**REQUIRED WORK:** Print what the records say exactly, and omit the pictures.
◇ ◇ ◇
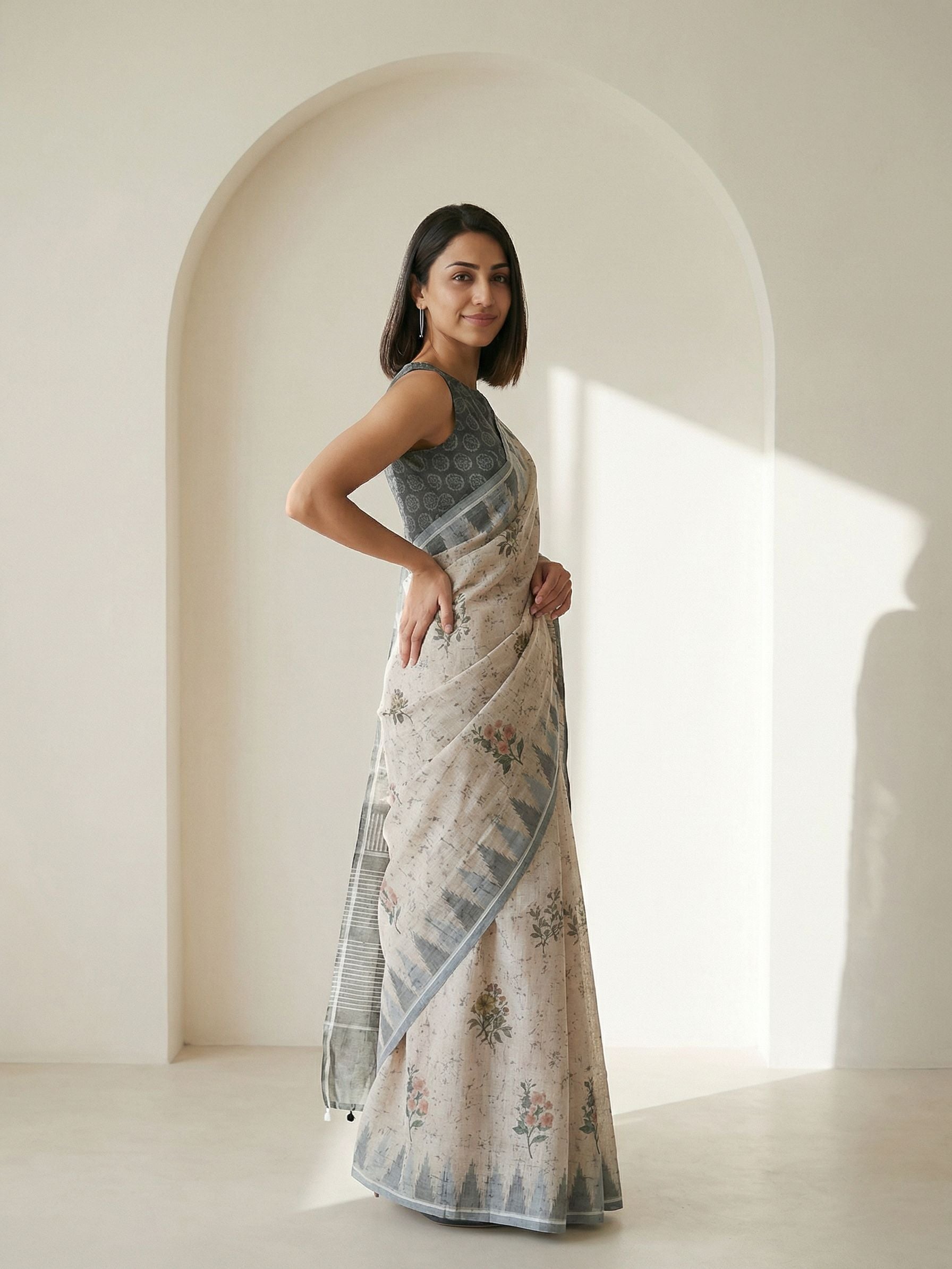 Floral Kota Linen Grey saree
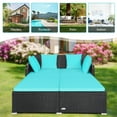 thumbnail image 6 of Patiojoy Patio Rattan Daybed with 4 Pillows Cushioned Sofa for Outdoor Turquoise, 6 of 10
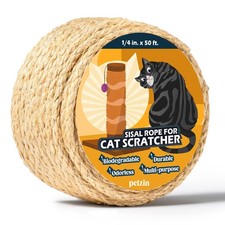 Pelzin Natural Sisal Rope for Cat Scratcher 1/4 inch by 50ft,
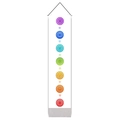 Vertical white canvas scroll with seven colorful chakra symbols and black hanging rope - 32.5x130cm / Colorful Chakra Style (Style 2)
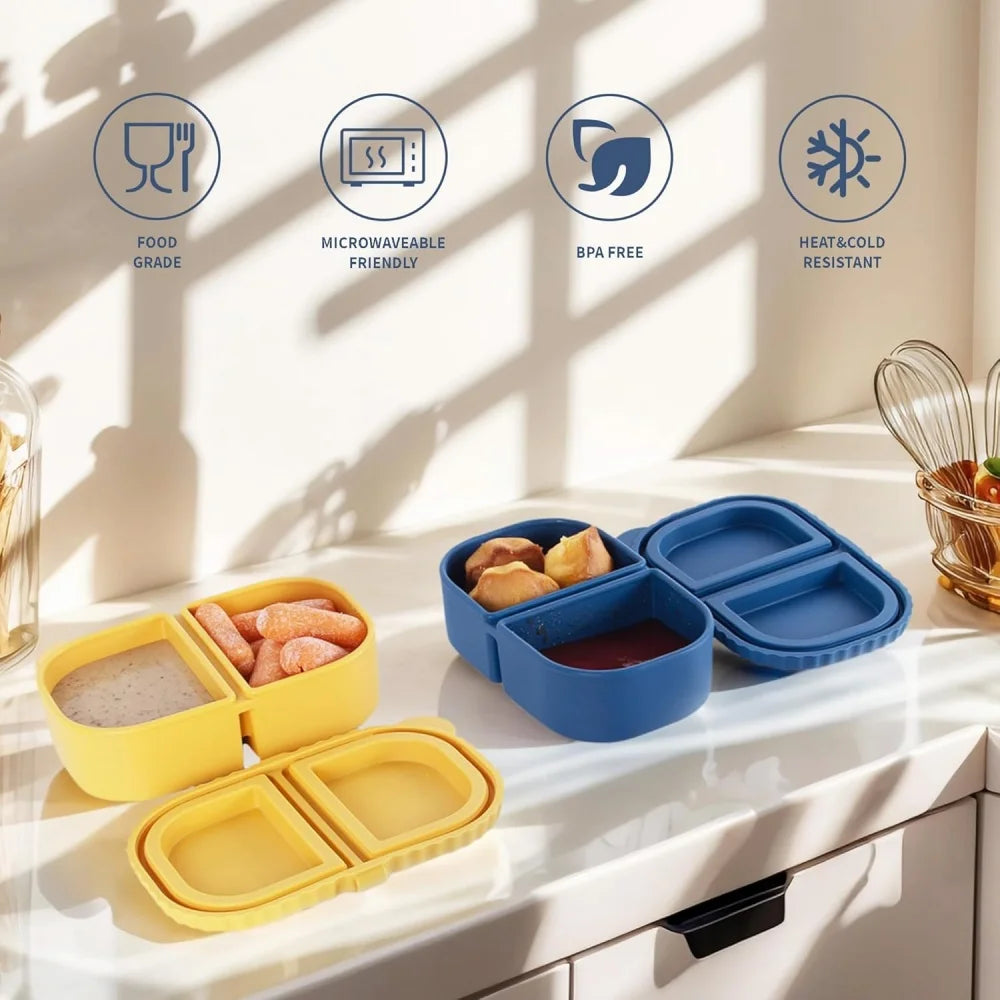 Premium Silicone Reusable Snack Containers Double Compartment Snackle Zpaxo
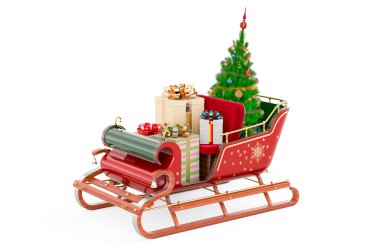 Noel Baba 'nın Noel ağacı hediye dolu kızağı. Beyaz arkaplanda 3B görüntüleme izole edildi
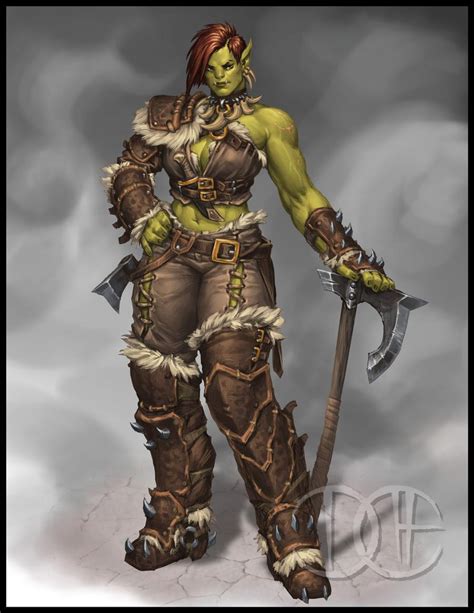 Half Orc Fighter By Trollfeetwalker On Deviantart Half Orc Female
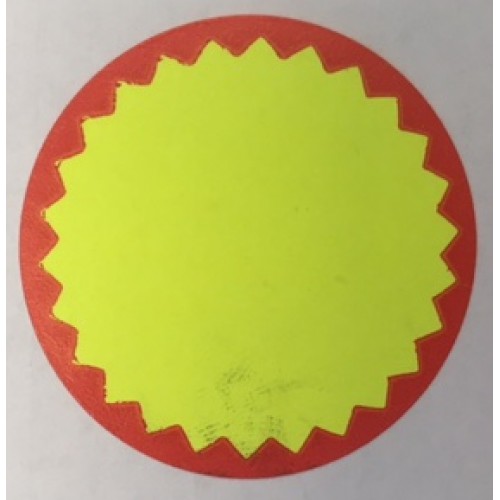 Prijssticker Ø35mm fluor geel rood 400/rol 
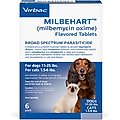 Milbehart Flavored Tablets for Dogs, 11-25 lbs, & Cats, 1.5-6 lbs, (Blue Box), 6 Flavored Tablets (6-mos. supply)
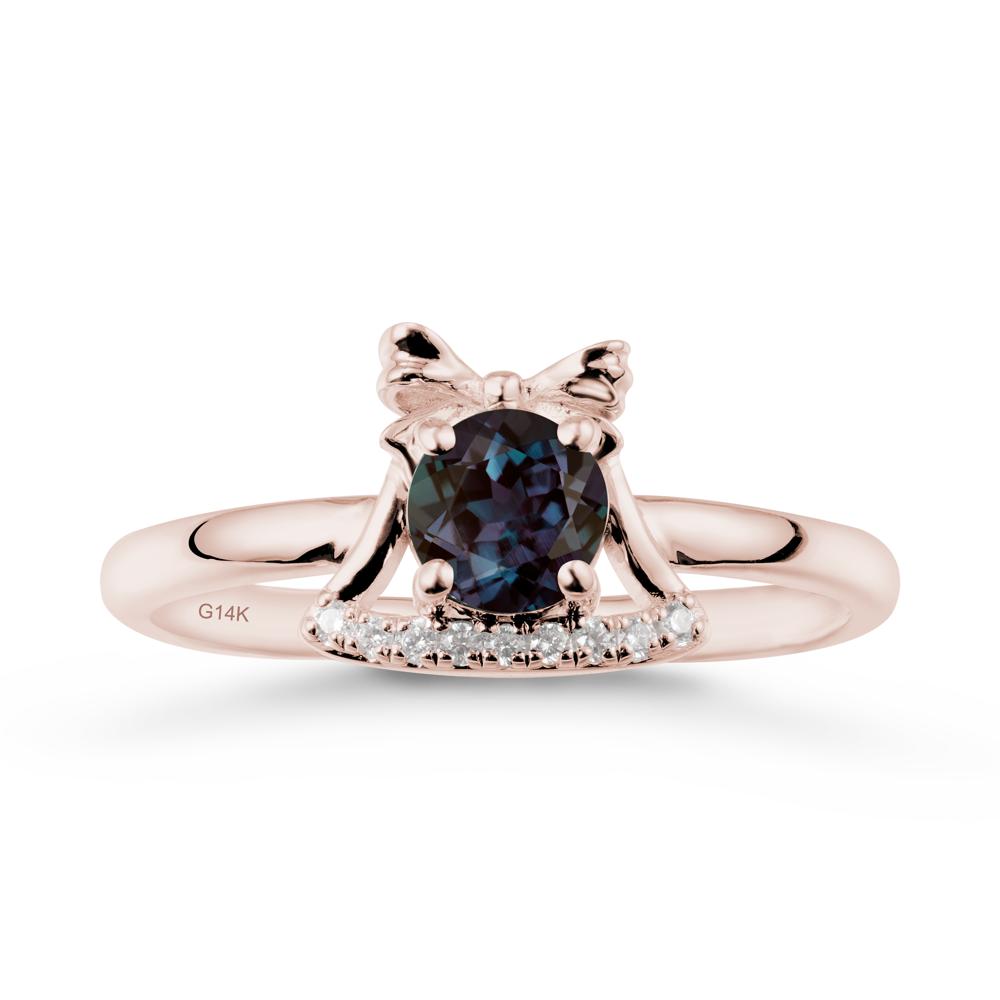 Bow Knot Round Alexandrite Ring - LUO Jewelry #metal_14k rose gold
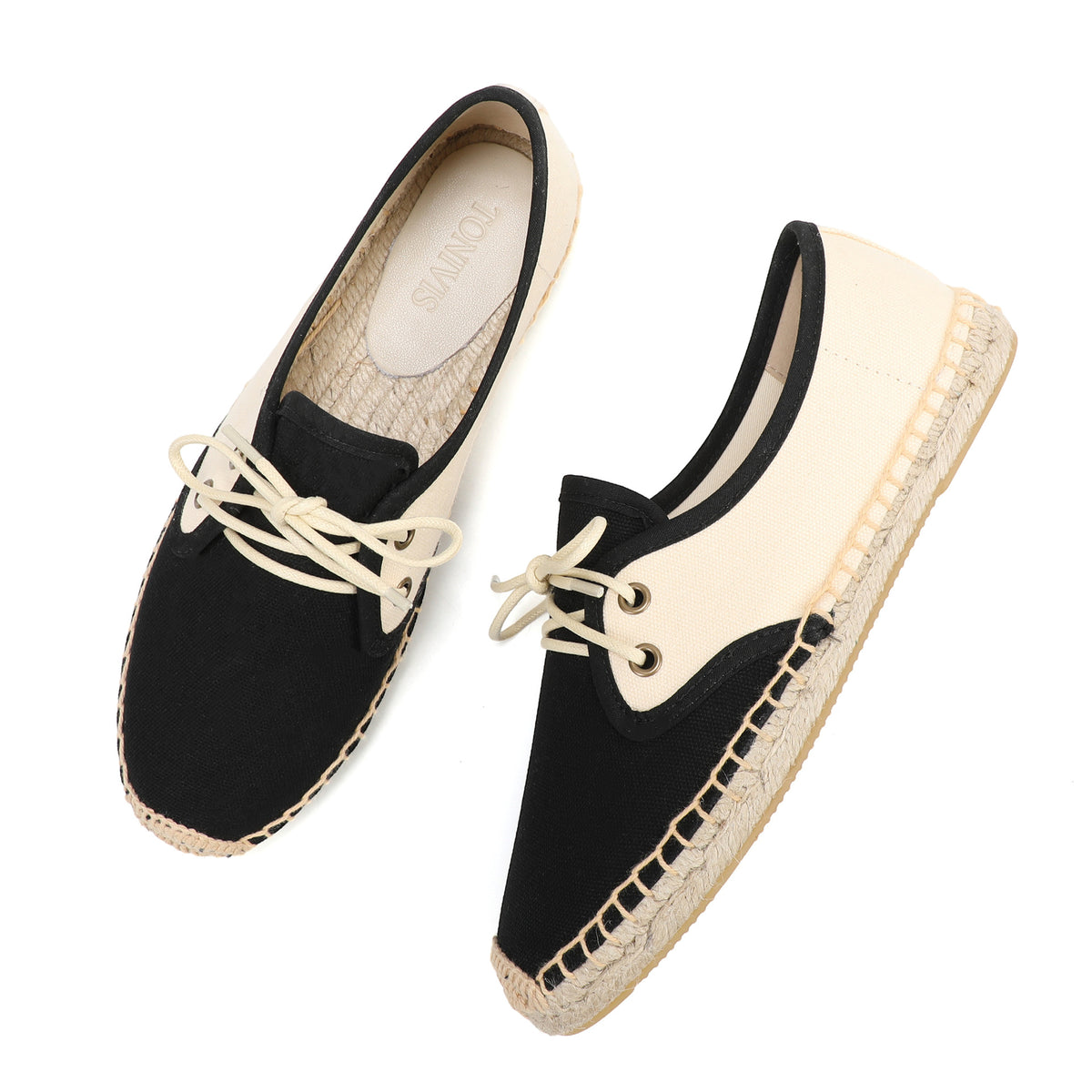 TONIVIS Women's Lace-Up Canvas Loafers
◇ ◇ ◇
**ANSWER FOR THIS EXERCISE:**
 Floral Kota Linen Grey saree
 thumbnail image 6 of Patiojoy Patio Rattan Daybed with 4 Pillows Cushioned Sofa for Outdoor Turquoise, 6 of 10
 Pelzin Natural Sisal Rope for Cat Scratcher 1/4 inch by 50ft,
 Vertical white canvas scroll with seven colorful chakra symbols and black hanging rope - 32.5x130cm / Colorful Chakra Style (Style 2)
 Premium Silicone Reusable Snack Containers Double Compartment Snackle Zpaxo
 Noel Baba 'nın Noel ağacı hediye dolu kızağı. Beyaz arkaplanda 3B görüntüleme izole edildi
 Half Orc Fighter By Trollfeetwalker On Deviantart Half Orc Female
 Prijssticker Ø35mm fluor geel rood 400/rol 
 Milbehart Flavored Tablets for Dogs, 11-25 lbs, & Cats, 1.5-6 lbs, (Blue Box), 6 Flavored Tablets (6-mos. supply)
 Bow Knot Round Alexandrite Ring - LUO Jewelry #metal_14k rose gold
 TONIVIS Women's Lace-Up Canvas Loafers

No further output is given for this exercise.